# Using Task Manager in Gummy 2.0 Causes Reboot



## SoonerLater (Aug 31, 2011)

*Does this happen to anyone else?*

If I choose the Task Manager (first by calling up the Task Switcher by long-pressing the home button; then pressing the Task Manager button inside the Task Switcher panel), it reboots my phone every time. I'm running Gummy 2.0, firmware 2.2.1, Baseband i510.06 V.EP1 and SCH-I1510.EP1 and Kernel 2.6.32.9.

Is this a known issue with Gummy 2.0? Is there a work-around (e.g. alternate task manager)?


----------



## hazard209 (Aug 1, 2011)

I haven't had this problem and I use task manager multiple times a day. Does selecting it in the app drawer work or does it cause reboots as well? Has this always happened or did it just start?


----------



## ms0chez (Jun 23, 2011)

Same here. I use bout 10 times a day and never have that problem. Are you overclocking?

Sent from my GummyCHARGED Charge using Tapatalk


----------



## SoonerLater (Aug 31, 2011)

If I only long-press the home button to call up the Task Switcher, it does not crash.

If I long-press the home button to call up the Task Switcher then select a task, it does not crash.

If I long-press the home button to call up the Task Switcher *then press the Task Manager Button* the Task Manager button stays yellow (the color when "pressed") for about 3 or 4 seconds, then it reboots.

I am not overclocking.


----------



## hazard209 (Aug 1, 2011)

SoonerLater said:


> If I only long-press the home button to call up the Task Switcher, it does not crash.
> 
> If I long-press the home button to call up the Task Switcher then select a task, it does not crash.
> 
> ...


Ok. But if you just try to access the task manager at all, does this still happen? Can you open it in the app drawer?


----------



## SoonerLater (Aug 31, 2011)

hazard209 said:


> Ok. But if you just try to access the task manager at all, does this still happen? Can you open it in the app drawer?

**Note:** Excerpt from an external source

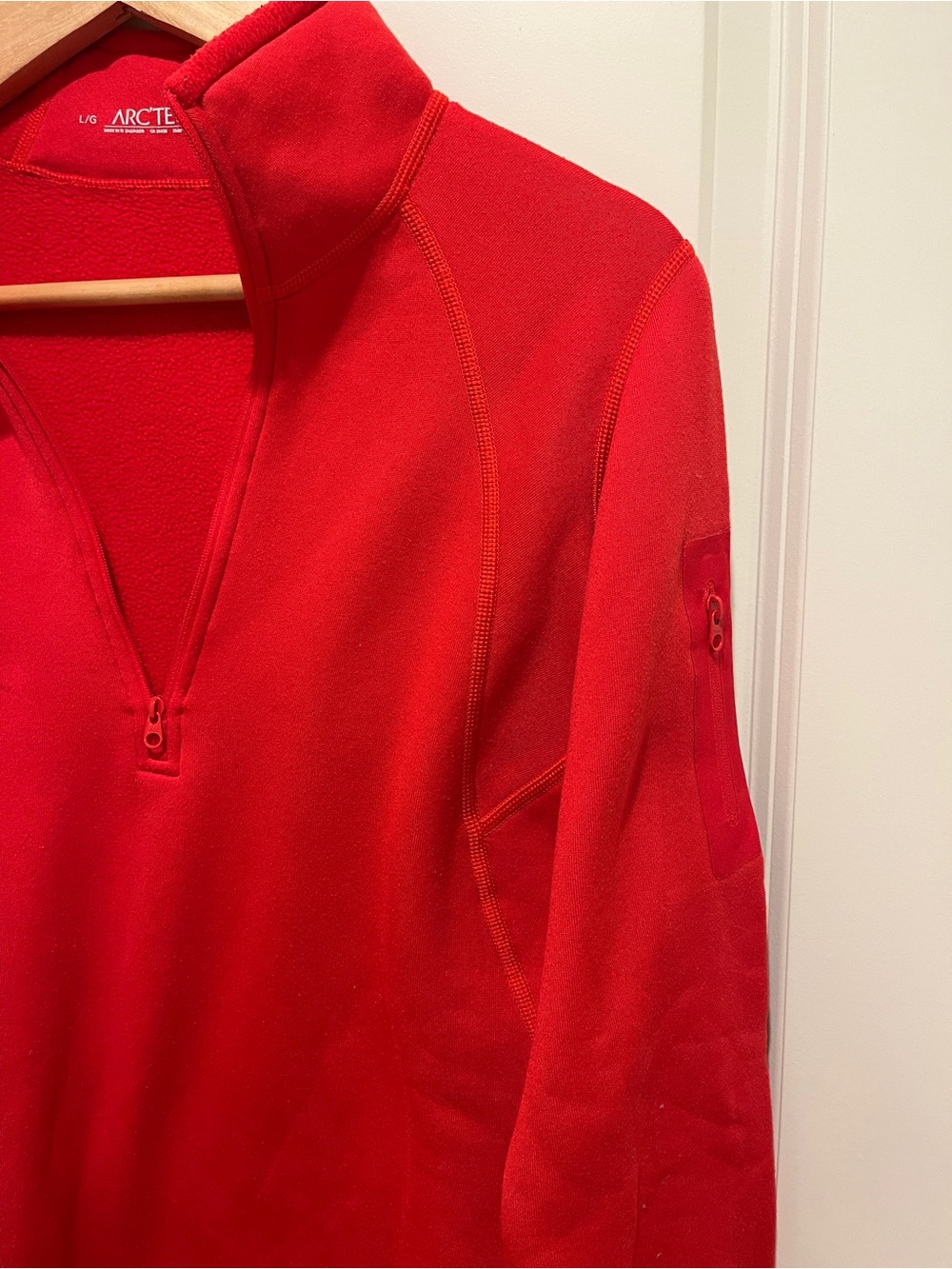 Arc’teryx Rho Quarter Zip - Picture 3 of 4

I only know of one way to call up the Task Manager: by first calling up the Task Switcher by long-pressing the home button. I don't have an app called "Task Manager" so I don't know how to call it from the App Drawer.


----------



## hazard209 (Aug 1, 2011)

SoonerLater said:


> I only know of one way to call up the Task Manager: by first calling up the Task Switcher by long-pressing the home button. I don't have an app called "Task Manager" so I don't know how to call it from the App Drawer.


There should be an app in your app drawer labelled Task Manager. It should be a picture of a wrench and hammer. If it's not in you're app drawer, that leads me to think you had a bad flash. Try reflashing 2.0.


----------



## SoonerLater (Aug 31, 2011)

There is no app in my app drawer called _Task Manager_. Furthermore, going to *Settings, Applications, Manage Applications, [All]*, does not show any app called _Task Manager_ and going to *Settings, Applications, Running Services* does not show any service called _Task Manager_.

So... to re-flash with 2.0, just put into clockwork upload mode and re-flash from a newly-downloaded Zip of Gummy 2.0?


----------



## hazard209 (Aug 1, 2011)

SoonerLater said:


> There is no app in my app drawer called _Task Manager_. Furthermore, going to *Settings, Applications, Manage Applications, [All]*, does not show any app called _Task Manager_ and going to *Settings, Applications, Running Services* does not show any service called _Task Manager_.
> 
> So... to re-flash with 2.0, just put into clockwork upload mode and re-flash from a newly-downloaded Zip of Gummy 2.0?


Yup. I would wipe the dalvik cache and cache partition first. Then flash in 2.0 in CWM, and it wouldn't hurt to flash imoseyon's latest lean kernel afterwards.


----------